• WHAT THE TASK REQUIRES:
Search each line below for "Outdoor", then return the lines where it appears.
....................
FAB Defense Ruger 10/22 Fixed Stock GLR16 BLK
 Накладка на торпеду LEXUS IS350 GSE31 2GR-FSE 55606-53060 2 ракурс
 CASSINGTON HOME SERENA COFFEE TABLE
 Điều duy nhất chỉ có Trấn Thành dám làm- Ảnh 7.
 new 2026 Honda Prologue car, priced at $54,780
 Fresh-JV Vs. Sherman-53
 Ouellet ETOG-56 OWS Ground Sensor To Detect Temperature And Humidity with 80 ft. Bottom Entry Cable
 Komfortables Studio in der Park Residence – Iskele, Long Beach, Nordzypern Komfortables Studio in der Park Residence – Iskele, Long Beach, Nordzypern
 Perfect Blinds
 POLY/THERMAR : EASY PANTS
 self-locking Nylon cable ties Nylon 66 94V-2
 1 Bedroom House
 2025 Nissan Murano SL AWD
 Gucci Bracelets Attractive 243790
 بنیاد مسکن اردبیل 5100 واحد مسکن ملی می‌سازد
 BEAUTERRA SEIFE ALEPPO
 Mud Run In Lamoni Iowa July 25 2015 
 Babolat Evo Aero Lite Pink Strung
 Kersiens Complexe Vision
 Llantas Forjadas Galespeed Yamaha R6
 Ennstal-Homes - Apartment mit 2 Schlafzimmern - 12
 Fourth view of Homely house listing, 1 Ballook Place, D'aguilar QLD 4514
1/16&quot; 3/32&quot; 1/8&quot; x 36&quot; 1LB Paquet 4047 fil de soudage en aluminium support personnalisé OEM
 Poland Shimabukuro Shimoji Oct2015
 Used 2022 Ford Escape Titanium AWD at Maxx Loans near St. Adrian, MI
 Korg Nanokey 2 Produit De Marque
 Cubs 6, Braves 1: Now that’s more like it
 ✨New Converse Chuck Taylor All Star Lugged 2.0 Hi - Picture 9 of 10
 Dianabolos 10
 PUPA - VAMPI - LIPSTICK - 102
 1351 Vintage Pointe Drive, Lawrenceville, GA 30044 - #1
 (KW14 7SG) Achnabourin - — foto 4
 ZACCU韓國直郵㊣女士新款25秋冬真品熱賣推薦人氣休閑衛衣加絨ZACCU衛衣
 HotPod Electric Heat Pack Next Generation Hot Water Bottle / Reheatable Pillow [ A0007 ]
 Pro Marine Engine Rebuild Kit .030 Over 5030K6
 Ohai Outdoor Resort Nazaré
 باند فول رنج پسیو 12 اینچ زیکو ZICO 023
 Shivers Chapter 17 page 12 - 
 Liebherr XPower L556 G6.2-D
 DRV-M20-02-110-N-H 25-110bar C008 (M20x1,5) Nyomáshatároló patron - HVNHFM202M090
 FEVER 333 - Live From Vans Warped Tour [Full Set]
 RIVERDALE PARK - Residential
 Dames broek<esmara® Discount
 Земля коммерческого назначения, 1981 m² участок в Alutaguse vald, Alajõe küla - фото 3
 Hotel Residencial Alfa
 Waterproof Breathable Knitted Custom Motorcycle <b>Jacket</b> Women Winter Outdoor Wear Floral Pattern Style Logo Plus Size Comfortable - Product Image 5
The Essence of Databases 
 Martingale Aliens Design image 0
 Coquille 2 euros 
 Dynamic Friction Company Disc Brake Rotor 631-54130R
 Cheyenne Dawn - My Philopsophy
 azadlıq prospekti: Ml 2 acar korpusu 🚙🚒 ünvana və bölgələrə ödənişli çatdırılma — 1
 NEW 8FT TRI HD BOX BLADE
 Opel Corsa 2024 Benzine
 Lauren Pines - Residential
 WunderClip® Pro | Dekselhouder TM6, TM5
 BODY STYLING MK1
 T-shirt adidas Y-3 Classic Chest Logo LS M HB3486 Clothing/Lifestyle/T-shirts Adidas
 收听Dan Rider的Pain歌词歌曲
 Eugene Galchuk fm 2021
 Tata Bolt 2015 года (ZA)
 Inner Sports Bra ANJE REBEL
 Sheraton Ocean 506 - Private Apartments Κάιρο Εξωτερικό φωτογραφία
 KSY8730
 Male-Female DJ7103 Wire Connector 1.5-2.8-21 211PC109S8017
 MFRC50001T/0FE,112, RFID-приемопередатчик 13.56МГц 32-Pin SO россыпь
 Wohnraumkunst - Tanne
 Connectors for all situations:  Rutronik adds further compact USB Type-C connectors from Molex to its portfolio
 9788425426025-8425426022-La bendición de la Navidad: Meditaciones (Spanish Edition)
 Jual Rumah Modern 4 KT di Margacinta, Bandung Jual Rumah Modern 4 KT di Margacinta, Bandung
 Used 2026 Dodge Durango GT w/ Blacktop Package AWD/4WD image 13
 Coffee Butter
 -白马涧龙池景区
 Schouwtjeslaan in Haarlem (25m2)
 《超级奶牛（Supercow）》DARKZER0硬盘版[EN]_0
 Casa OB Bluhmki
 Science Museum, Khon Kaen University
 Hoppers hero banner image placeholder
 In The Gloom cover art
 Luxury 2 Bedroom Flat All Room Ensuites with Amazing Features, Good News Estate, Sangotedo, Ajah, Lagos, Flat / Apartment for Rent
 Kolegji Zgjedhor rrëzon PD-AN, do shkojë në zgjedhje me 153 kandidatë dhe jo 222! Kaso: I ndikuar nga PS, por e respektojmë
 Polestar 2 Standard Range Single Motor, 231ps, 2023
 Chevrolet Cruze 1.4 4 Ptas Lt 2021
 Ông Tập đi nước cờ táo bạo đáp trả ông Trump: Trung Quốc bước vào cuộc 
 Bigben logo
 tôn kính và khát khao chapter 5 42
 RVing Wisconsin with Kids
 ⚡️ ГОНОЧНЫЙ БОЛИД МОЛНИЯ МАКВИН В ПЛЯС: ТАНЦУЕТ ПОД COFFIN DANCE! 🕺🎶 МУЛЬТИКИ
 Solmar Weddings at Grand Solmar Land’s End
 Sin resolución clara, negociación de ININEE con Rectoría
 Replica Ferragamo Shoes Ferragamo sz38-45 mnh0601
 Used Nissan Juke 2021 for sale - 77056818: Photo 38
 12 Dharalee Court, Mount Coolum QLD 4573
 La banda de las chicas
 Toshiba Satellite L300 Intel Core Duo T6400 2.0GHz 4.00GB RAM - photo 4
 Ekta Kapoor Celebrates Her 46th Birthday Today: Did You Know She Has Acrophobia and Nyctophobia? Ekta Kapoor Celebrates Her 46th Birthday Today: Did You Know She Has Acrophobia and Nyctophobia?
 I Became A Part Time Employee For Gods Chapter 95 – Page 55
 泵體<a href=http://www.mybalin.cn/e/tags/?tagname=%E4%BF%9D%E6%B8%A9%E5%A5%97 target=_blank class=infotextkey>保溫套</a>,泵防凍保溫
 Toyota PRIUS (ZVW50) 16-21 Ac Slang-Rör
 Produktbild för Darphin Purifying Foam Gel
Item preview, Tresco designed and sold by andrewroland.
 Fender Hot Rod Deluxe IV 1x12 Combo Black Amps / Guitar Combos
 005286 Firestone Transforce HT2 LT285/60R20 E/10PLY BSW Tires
....................
• RESULT FOR THIS EXERCISE:
 Ohai Outdoor Resort Nazaré
 Waterproof Breathable Knitted Custom Motorcycle <b>Jacket</b> Women Winter Outdoor Wear Floral Pattern Style Logo Plus Size Comfortable - Product Image 5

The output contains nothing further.